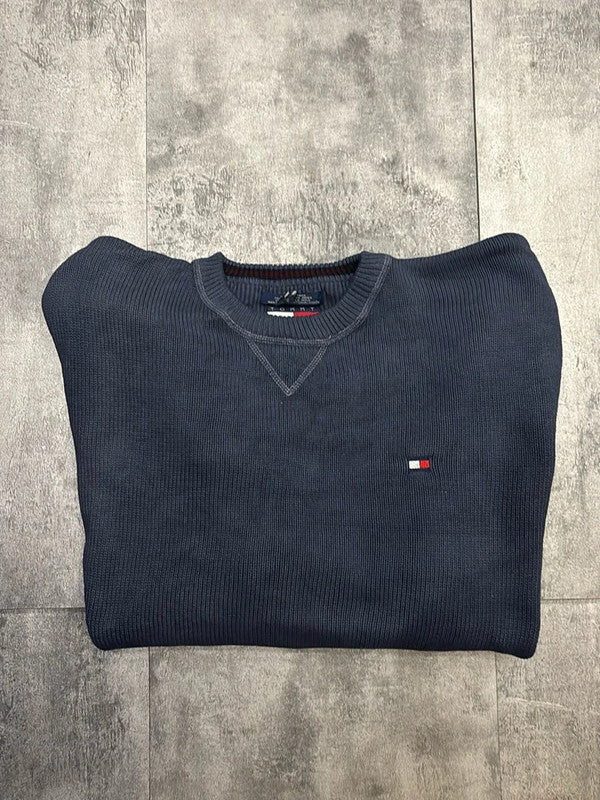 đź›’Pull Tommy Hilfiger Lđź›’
--
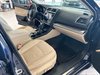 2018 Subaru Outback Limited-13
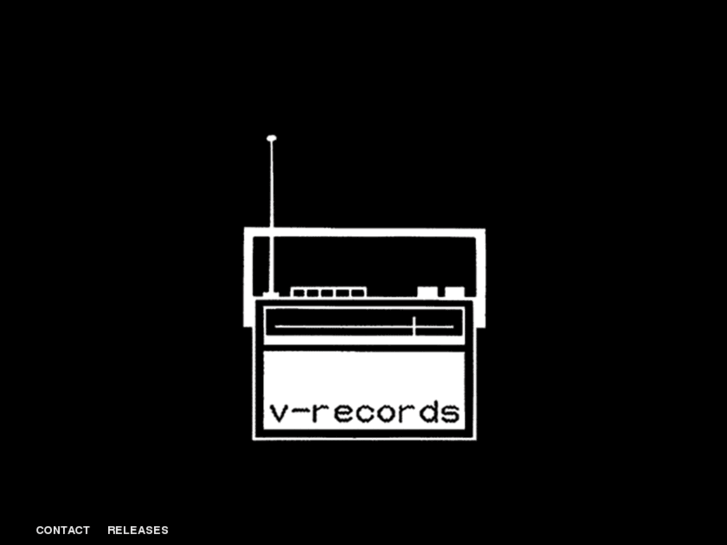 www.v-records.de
--
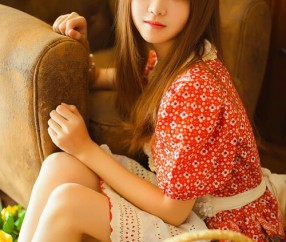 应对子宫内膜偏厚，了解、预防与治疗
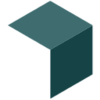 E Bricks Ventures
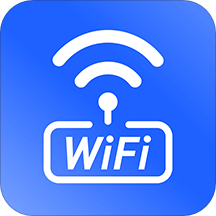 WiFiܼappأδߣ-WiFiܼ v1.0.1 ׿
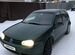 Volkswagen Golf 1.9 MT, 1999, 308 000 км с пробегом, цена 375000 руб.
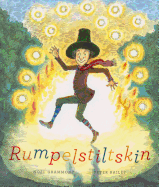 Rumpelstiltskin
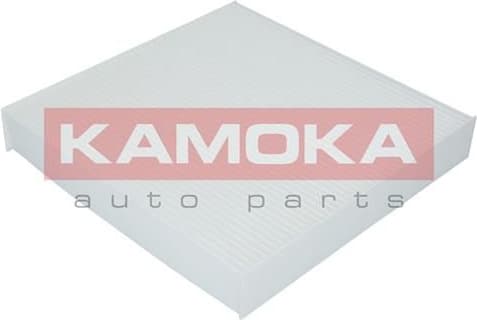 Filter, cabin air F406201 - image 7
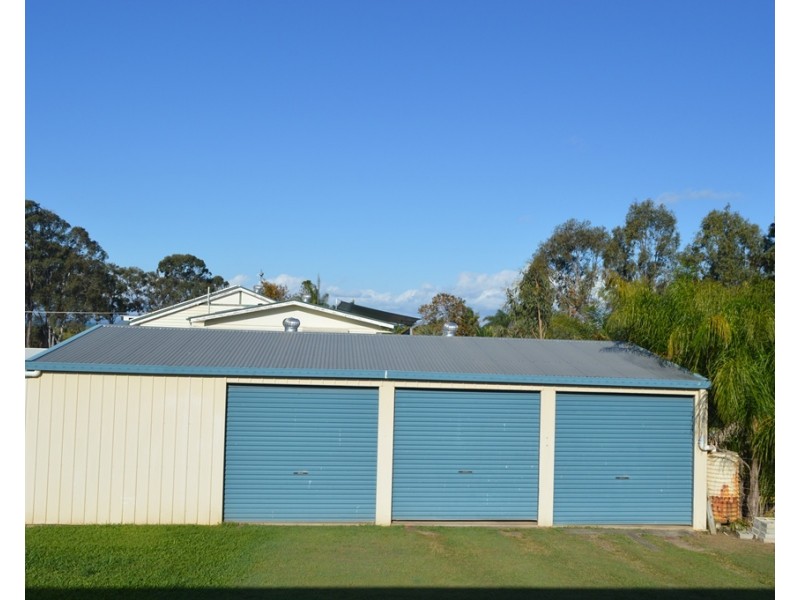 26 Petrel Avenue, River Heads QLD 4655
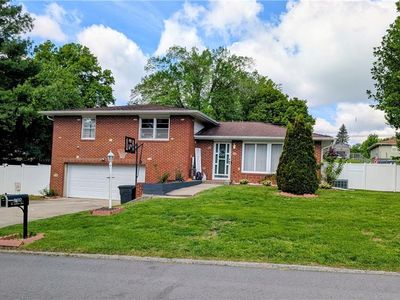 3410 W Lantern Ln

→ EXERCISE DETAILS:
Given the records above, return the lines starting at the one that holds "Filter, cabin air F406201 - image 7" and ending at the one that holds "3410 W Lantern Ln", exactly, and nothing besides; leave every picture out.

→ WRITTEN ANSWER:
 Filter, cabin air F406201 - image 7
 26 Petrel Avenue, River Heads QLD 4655
 3410 W Lantern Ln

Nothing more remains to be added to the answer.